You recall another chancy episode of the Berkeleys, when Richard II died at their castle. Not to split hairs, he was murdered, but the Berkeley in question said he was away at the time, ha. Fortunately the murdered king's heir let it pass and nothing wretched happened to the Berkeleys.
Through a thousand years of peril on all sides the Berkeleys stayed afloat. Though often in battle, they nevertheless survived sufficiently. Sometimes forming unwise alliances or briefly losing their blue-eyed minds by backing the wrong faction, they nevertheless pulled through to this very day, and there is not a handful of families who can say as much, and of that handful only the Berkeleys have somehow managed to hold tenaciously to their immemorial seat.
If they ever guessed wrong or made errors they still caught up. One error was opposing the church in 1234, when the clergy wanted to remove the stigma of bastardy from a lad if his parents eventually married. The Berkeley of that day, however, joined other nobles to insist the stain was permanent.

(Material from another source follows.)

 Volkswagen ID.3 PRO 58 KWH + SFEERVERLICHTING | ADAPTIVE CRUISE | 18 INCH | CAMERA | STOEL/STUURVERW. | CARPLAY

This mean approach backfired when the fifth earl's bastard could not inherit, partly because of his ancestor's unwholesome reverence for documents.
The countess (Mary Cole) and her earl then said they had been married in secret before the first boy was born. This claim was rejected by the House of Lords. The Berkeleys probably just thought they were married. Some said they should be hanged for forging documents to support the claim. Again, luck held. The intended heir could not inherit, but a generation or so set all things right.
The lessons of this great family are too numerous, over too many centuries, to encapsulate, though fully relevant today. In general think quick, if you have a hand murdering a king, making sure the queen won't mind. Be nice to butchers' daughters at all times. Do not be beastly to bastards or bureaucrats, for times change. In duels eschew slowness. In battle watch out for the wrong end of the sword until you have heirs and dodge bubonic plague. Do not defy winning kings, but lend cash in good time, when it counts. Struggle for sharp wits. Pray hard for luck, and a Happy New Year to all.